* Data section
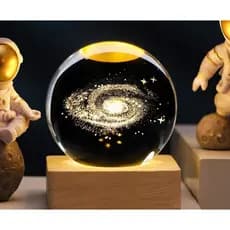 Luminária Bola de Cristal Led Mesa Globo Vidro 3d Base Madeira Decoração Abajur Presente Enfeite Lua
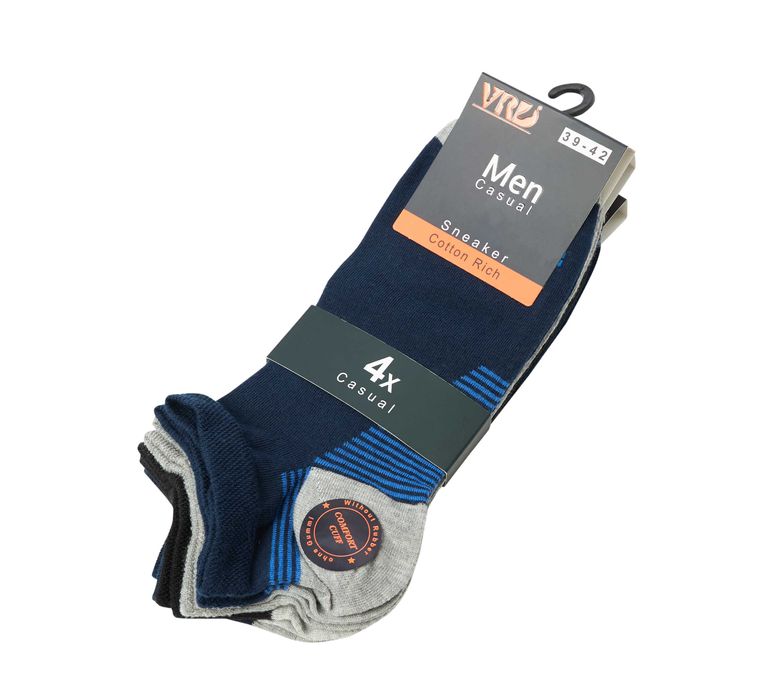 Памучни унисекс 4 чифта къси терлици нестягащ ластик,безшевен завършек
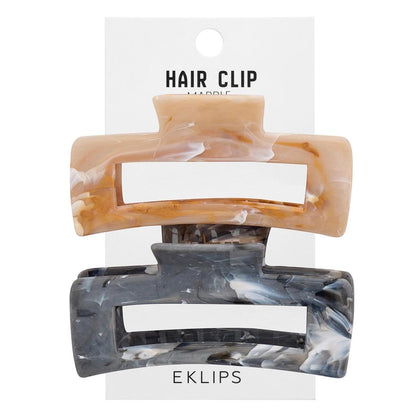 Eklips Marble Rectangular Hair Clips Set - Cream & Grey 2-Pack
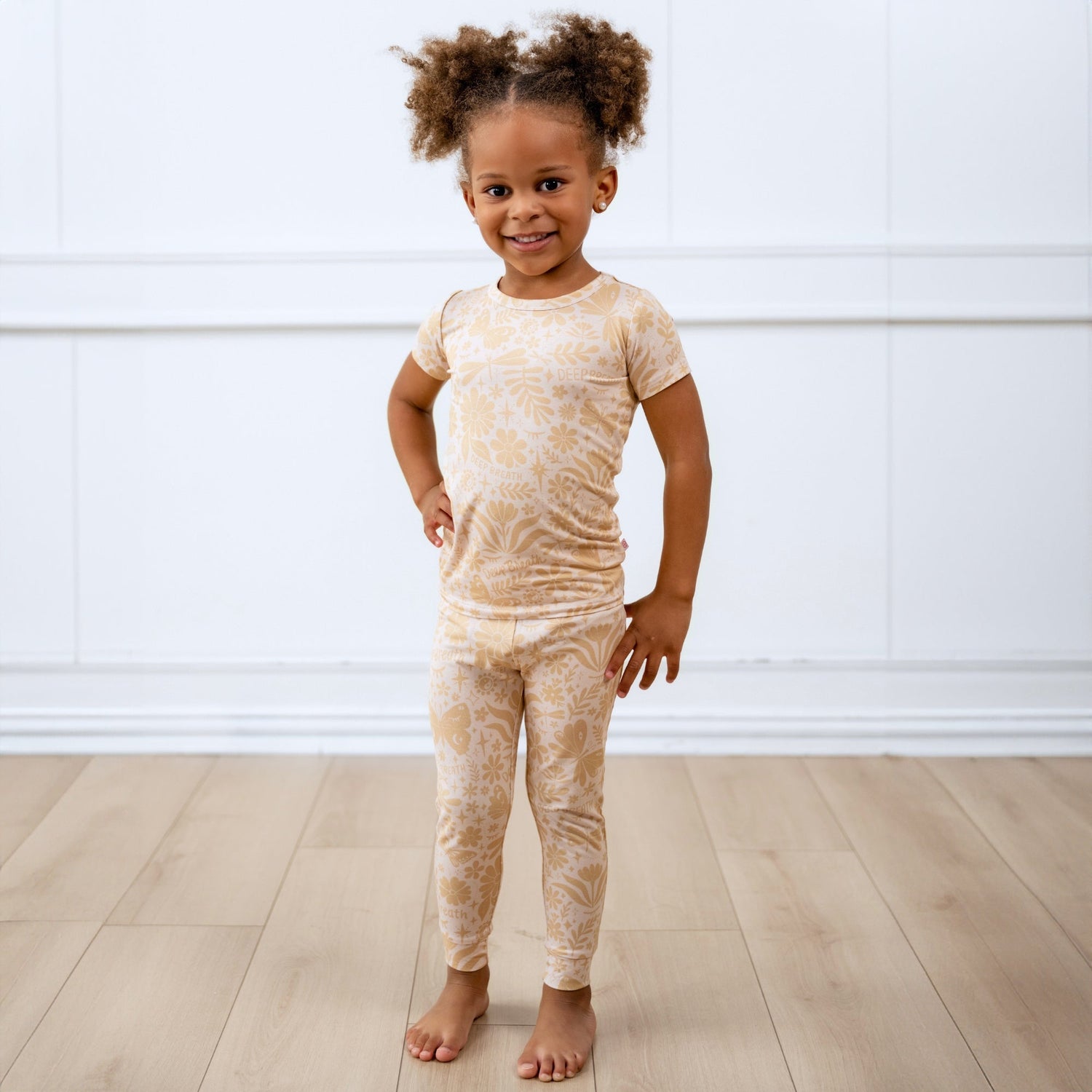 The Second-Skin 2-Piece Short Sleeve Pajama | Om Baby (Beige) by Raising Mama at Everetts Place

--

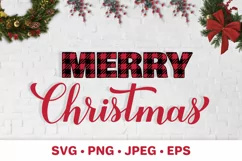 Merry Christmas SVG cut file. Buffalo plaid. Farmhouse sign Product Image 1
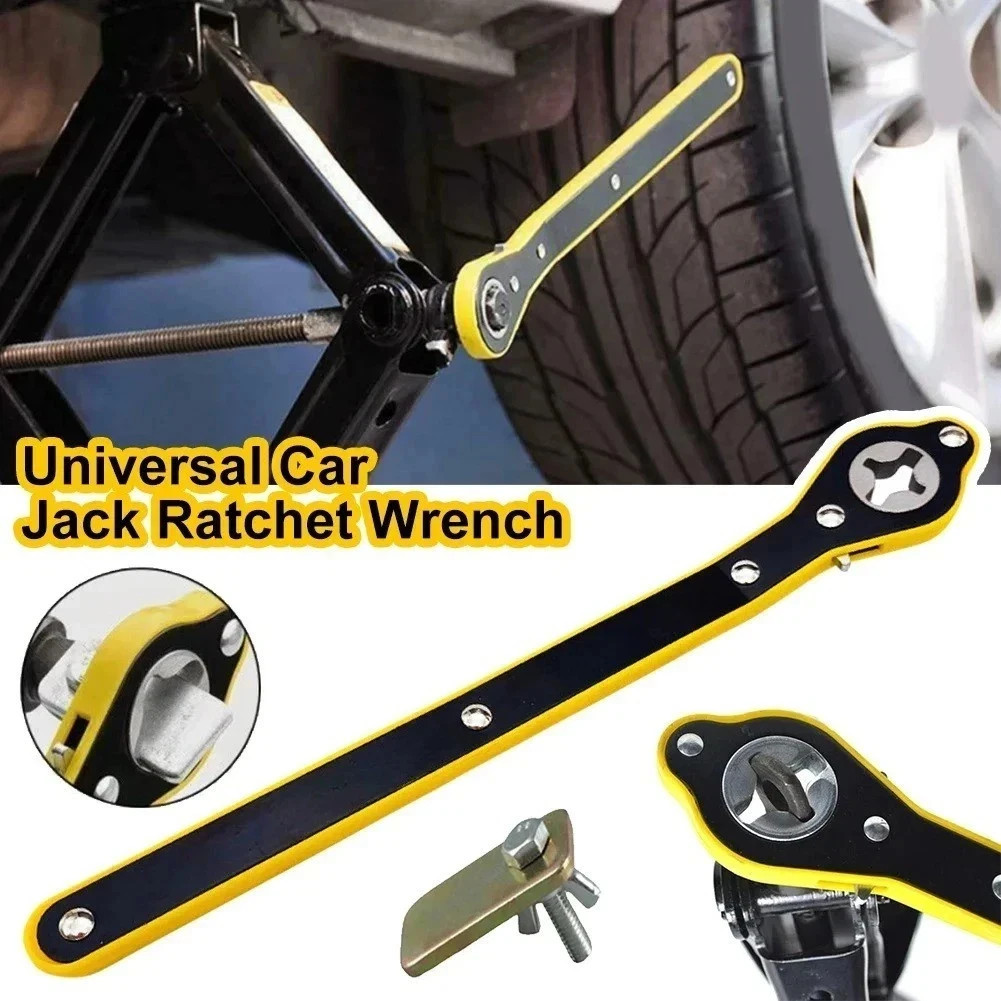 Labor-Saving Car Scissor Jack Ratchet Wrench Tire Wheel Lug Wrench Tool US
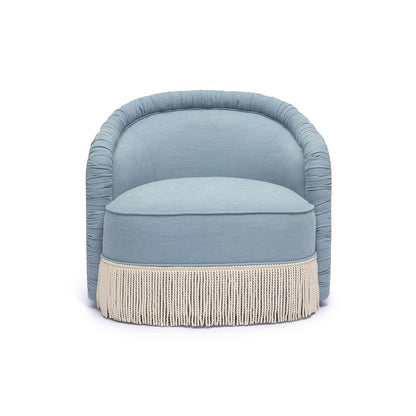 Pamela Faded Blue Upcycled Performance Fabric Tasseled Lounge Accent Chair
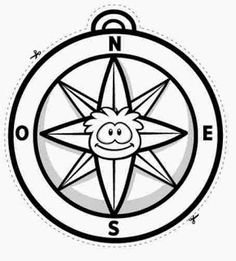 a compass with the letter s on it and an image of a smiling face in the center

* Exercise objective
Transcribe, word for word, the lines of the listing above from the one that contains "Памучни унисекс 4" through the one that contains "The Second-Skin 2-Piece", keeping both ends and dropping the pictures.

* Result for this task
 Памучни унисекс 4 чифта къси терлици нестягащ ластик,безшевен завършек
 Eklips Marble Rectangular Hair Clips Set - Cream & Grey 2-Pack
 The Second-Skin 2-Piece Short Sleeve Pajama | Om Baby (Beige) by Raising Mama at Everetts Place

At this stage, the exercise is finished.